Ambientado no México da década de 1940, ‘Queer’ acompanha Lee, um expatriado americano autodestrutivo, mergulhado em um universo de tédio, álcool e obsessões. Interpretado por Daniel Craig, Lee surge como um espectro de si mesmo: desiludido, sarcástico, permanentemente deslocado. Sua vida muda com a chegada de Allerton (Drew Starkey), um jovem ex-soldado que se torna objeto de seu fascínio e de noites regadas a sexo. A relação entre os dois, permeada por silêncios, evasivas e uma constante assimetria de afetos, constitui o centro emocional do filme — ou melhor, seu epicentro instável, onde tudo está prestes a ruir.

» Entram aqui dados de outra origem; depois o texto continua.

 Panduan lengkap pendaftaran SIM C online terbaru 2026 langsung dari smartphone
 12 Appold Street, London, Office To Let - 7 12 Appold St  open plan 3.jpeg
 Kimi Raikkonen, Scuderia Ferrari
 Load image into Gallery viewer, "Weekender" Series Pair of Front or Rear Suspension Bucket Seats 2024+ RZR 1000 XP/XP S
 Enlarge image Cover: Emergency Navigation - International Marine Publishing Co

Guadagnino evita a narrativa tradicional de amor e redenção que o consagrou em ‘Me Chame Pelo Seu Nome’ . Em vez disso, mergulha no desconforto e na angústia de um homem que deseja mais do que pode ter, projetando no outro uma salvação que provavelmente nunca chegará. A linguagem corporal de Craig — muitas vezes patética — transmite com crueza o desespero de alguém que anseia por algo simples: afeto. Seu Lee é um homem fora de tempo e de lugar, cuja homossexualidade mal resolvida se manifesta por meio de manipulação, ciúmes e um narcisismo ferido. Há algo de tragicômico em sua obsessão por Allerton, um jovem cuja indiferença é ao mesmo tempo fascinante e cruel.

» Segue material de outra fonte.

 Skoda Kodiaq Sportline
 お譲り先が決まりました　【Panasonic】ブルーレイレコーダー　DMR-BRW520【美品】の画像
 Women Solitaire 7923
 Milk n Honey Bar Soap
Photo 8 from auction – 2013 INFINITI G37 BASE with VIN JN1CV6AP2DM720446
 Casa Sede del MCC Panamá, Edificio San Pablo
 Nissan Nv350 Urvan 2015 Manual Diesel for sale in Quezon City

O roteiro opta por uma abordagem fragmentária, como se fosse o diário de Lee: notas soltas, lembranças deformadas pelo álcool, alucinações. A narrativa oscila entre a objetividade e a loucura, acompanhando a lenta deterioração psicológica do protagonista. ‘Queer’ não trata a homossexualidade como celebração, mas como impulso que desloca e marginaliza. Lee é um homem em guerra consigo mesmo.

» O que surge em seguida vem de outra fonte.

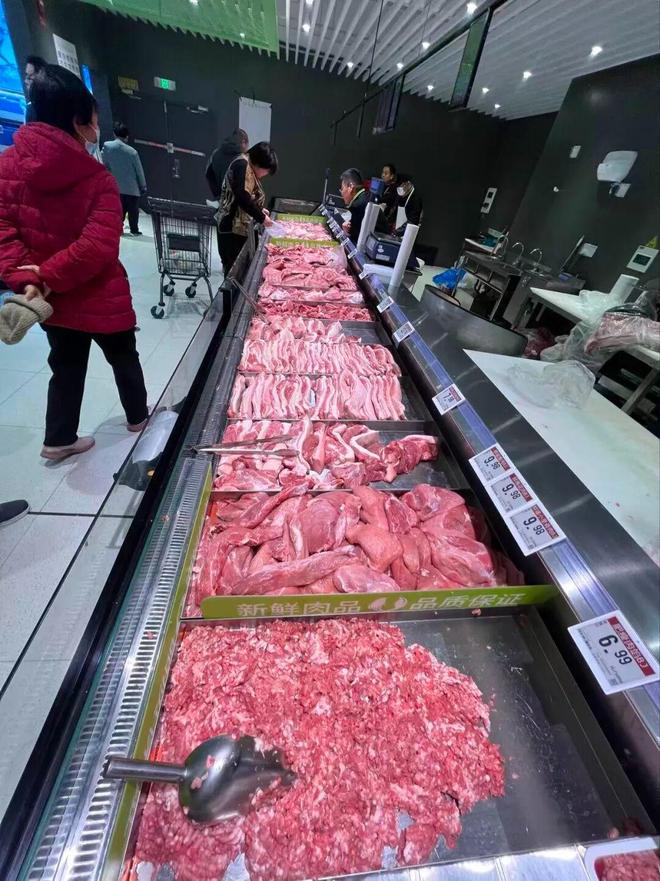 永辉前副总彭华生的创业项目：小优生鲜首店开业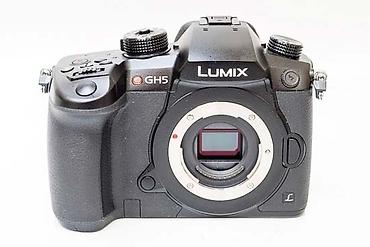 kg camera: Panasonic GH5, в рабочем состоянии. Битых и горящих пикселей нет — 2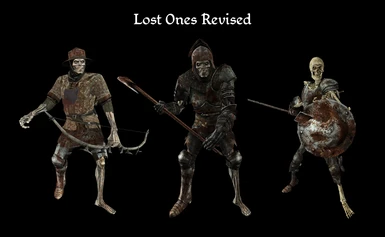 Lost Ones Revised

A performance de Drew Starkey é marcada por uma ambiguidade inquietante. Seu Allerton é um personagem elusivo, quase como uma enguia. Em certos momentos, parece corresponder aos sentimentos do protagonista; em outros, desaparece por completo, deixando apenas o eco de sua presença. Essa indefinição deliberada reforça o tom do filme. O elenco conta ainda com Jason Schwartzman e Lesley Manville em papéis coadjuvantes.
Em sua essência, ‘Queer’ é uma meditação sobre alienação e identidade — não a alienação política ou existencial, mas aquela íntima, que nos distancia do outro justamente quando mais ansiamos por proximidade. O filme era uma das apostas frustradas de Guadagnino para a temporada de premiações de 2025, mas recebeu reconhecimento pela atuação de Daniel Craig, em um trabalho surpreendente.
Longe de ser um filme fácil ou convencional, ‘Queer’ reafirma o talento de Luca Guadagnino como um cineasta profundamente interessado na geografia do desejo — não o desejo resolvido ou correspondido, mas aquele que arde em silêncio, que corrói, que se arrasta como febre. Um filme hipnótico, incômodo e, paradoxalmente, belo.